Nel 2025, la donna dovrebbe essere molto più
di un'immagine filtrata. Eppure i concorsi di bellezza continuano a riproporre
la stessa scenografia di sempre, la sfilata, le luci, il pubblico che osserva,
la giuria che decide, la corona che consacra. In quella ritualità impeccabile
c’è però tutto ciò da cui stiamo cercando di emanciparci. Perché mentre in
molti ambiti sociali si combatte per la parità, per il riconoscimento del
merito, per l’autodeterminazione, sul palco dei concorsi la persona scompare e
resta solo il corpo. E non c’è nulla che una corona possa fare per restituirle
profondità.
Il problema non è la bellezza. Il problema è
la gerarchia della bellezza. È l’idea che qualcuno, da qualche parte, possa
decidere quale sia la forma ideale dell’essere donna. È l’idea che una ragazza
debba competere non con la propria intelligenza, la propria sensibilità o il
proprio talento, ma con il suo aspetto, con qualcosa che non ha scelto e che
non può determinare fino in fondo. È un paradosso doloroso, soprattutto in un
tempo in cui l’oggettificazione femminile è ancora uno dei nodi più difficili
da sciogliere.
Quando si parla di empowerment, si continua a
ripetere che la donna deve essere libera. Ma come può esserlo se continua a
essere osservata come un prodotto? Come può esserlo se la sua visibilità
pubblica passa attraverso la sua aderenza a un modello estetico? Come può
esserlo se, ancora oggi, il primo parametro con cui viene valutata è
l’apparire? La cultura machista non è fatta solo di violenza o prevaricazione.

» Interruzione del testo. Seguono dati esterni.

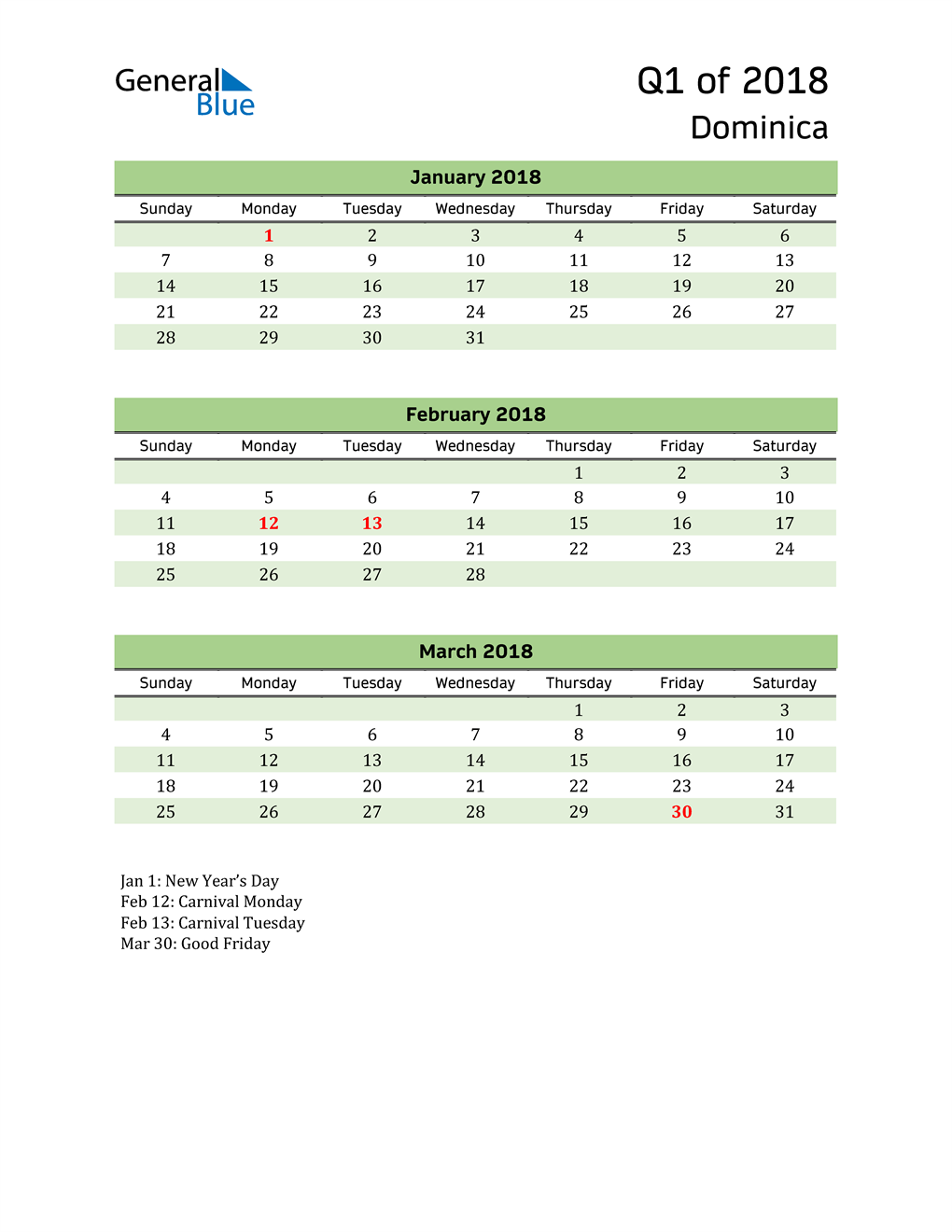  Quarterly Calendar 2018 with Dominica Holidays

È fatta anche di simboli che rinnovano, giorno dopo giorno, l’idea che la donna
sia prima un corpo e poi tutto il resto.
Ed è proprio per questo che l’episodio
finlandese non è una semplice leggerezza social, ma il segnale di un sistema
che dovrebbe essere finalmente ripensato. Non serve abolire i concorsi, ma
trasformarli. Occorre svincolarli dalla logica della “più bella”, perché quel
titolo non dice nulla di una donna, della sua storia, delle sue capacità, della
sua visione. Occorre premiare i talenti, le idee, la capacità di contribuire
alla società. La bellezza può essere celebrata, certo, ma non può essere un
parametro di merito. L’essenza, non l’apparenza. Perché non esiste nulla di più
antico di una corona che definisce una donna. E non esiste nulla di più urgente
del riconoscere, una volta per tutte, che la bellezza non basta. E non serve. E
non rappresenta ciò che siamo davvero.